If the bill passes, 120 Indiana schools, which serve almost 58,000 pupils, would lose their schoolwide free meal program, Another 231 schools would lose the opportunity to use the program in coming years, reports Maureen Groppe of the USA Today Network.
This week, the National Governors Association and the School Nutrition Association announced they were staunchly opposed to the measure. Making a way for schoolwide free meals takes away the administrative hardship of validating incomes for individual students and makes it more likely that children who qualify for free meals get fed.
But Republicans say the bill allows for better allocation of resources that are limited. The approximately $300 million annual savings could be redistributed to other nutrition programs for children.
A 20-14 Education and Workforce Committee vote got the proposal rolling. The plan would set up a trial period of "block grants" for school meals in three states, which means that kids in these areas would not receive unlimited federal dollars for free and reduced-price meals. These states would also be exempt from having to follow most governmental standards of nutrition, according to Mary Clare Jalonick of the Associated Press.
First Lady Michelle Obama's healthier school nourishment rules would be altered as well. Some schools have said her plan was too restrictive and that the meals were disliked by students. Ms. Obama's campaign set fat, sugar, and sodium limits on foods served in school cafeterias and beyond. Her program also required additional whole grains, vegetables, and fruit.

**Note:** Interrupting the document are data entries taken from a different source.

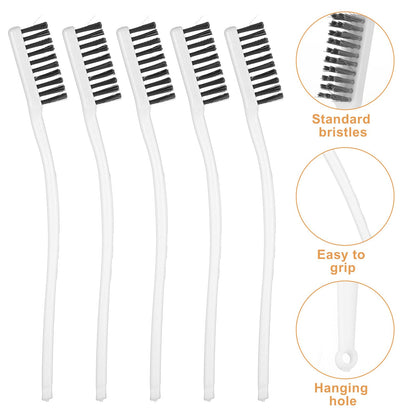 Yolev 5Pcs Stainless Steel Wire Brushes Heavy-Duty Curved Handle Cleaning
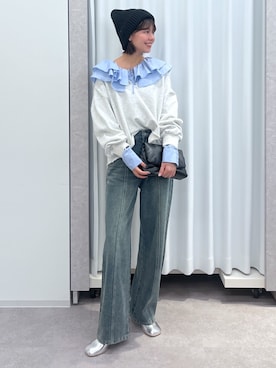 「FREE'S MART（フリーズマート）のアイテム（スウェット）」を使った、𝐑𝐈𝐎さん（レディース・163cm）の冬コーディネート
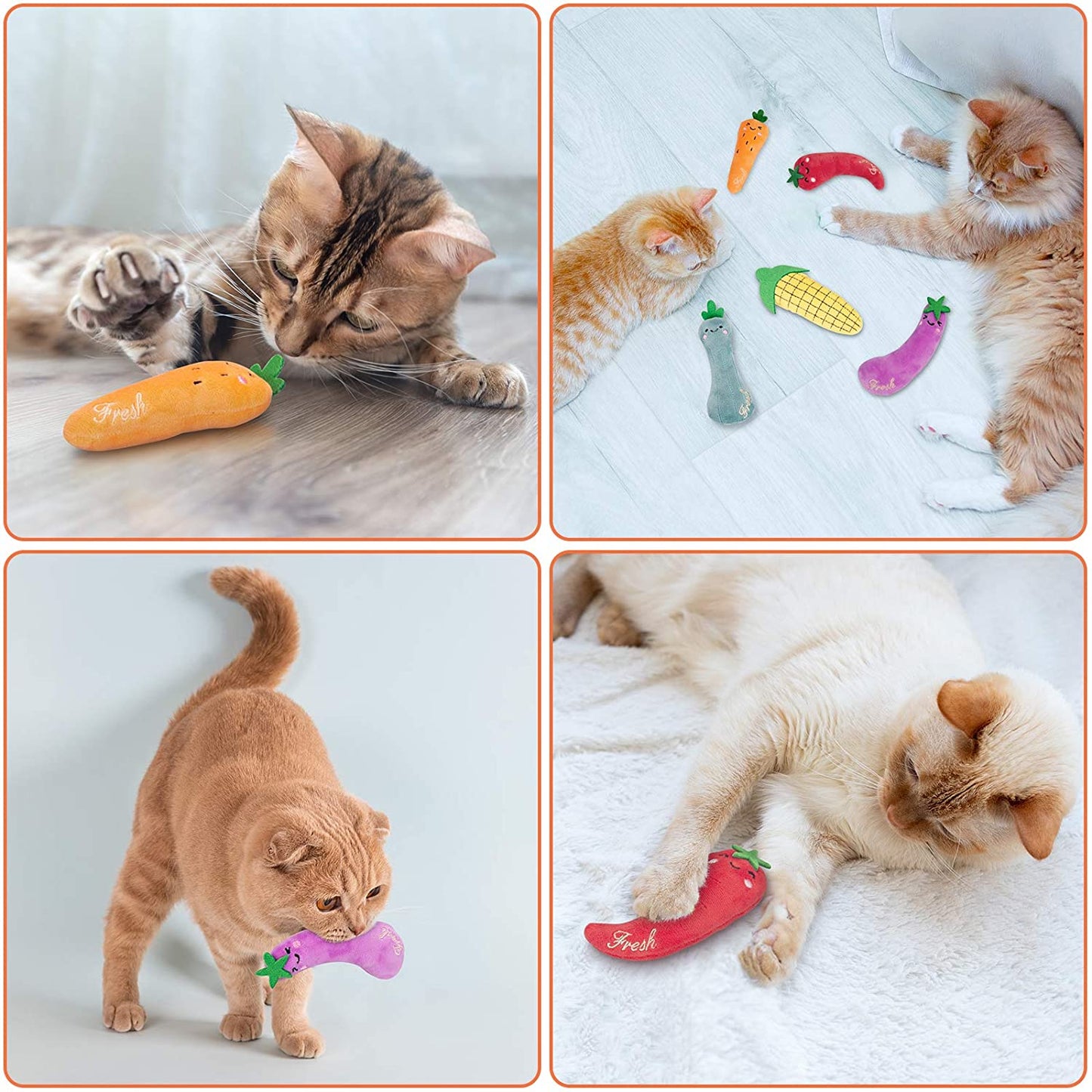 Catnip Toys - Interactive Cat Pillows, Chew Toys with Catnip for Indoor Cats and Kittens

The Healthy, Hunger-Free Kids Act of 2010 was aimed at increasing nutritional standards for school meals and developed the Community Eligibility Provision (CEP) program which enabled low-income students to receive free breakfasts and lunches and eliminated the sometimes difficult to decipher application process for students who were eligible to receive meals at no charge.
Lacie Pierson, writing for West Virginia's Herald-Dispatch, reports that in Cabell County, 75.16% of students in the 26 public schools in the area are eligible for free meals according to ICNEA-2016.
In West Virginia, school districts can use data from the Department of Health and Human Resources programs including Supplemental Nutrition Assistance Program and Temporary Assistance for Needy Families to find students who qualify for free and reduced lunches. Parents do not have to complete any additional documentation for their children to qualify for free meals.
The School Nutrition Association called the plan "reckless" and said that it will result in keeping children from having federally guaranteed access to the nutrition they must have at school, reports Mary Clare Jalonick of Associated Press.
But House Republicans said that taxpayer money could be better used by reducing free meals for some young people who go to low-income schools, but who are not eligible for free or reduced meals.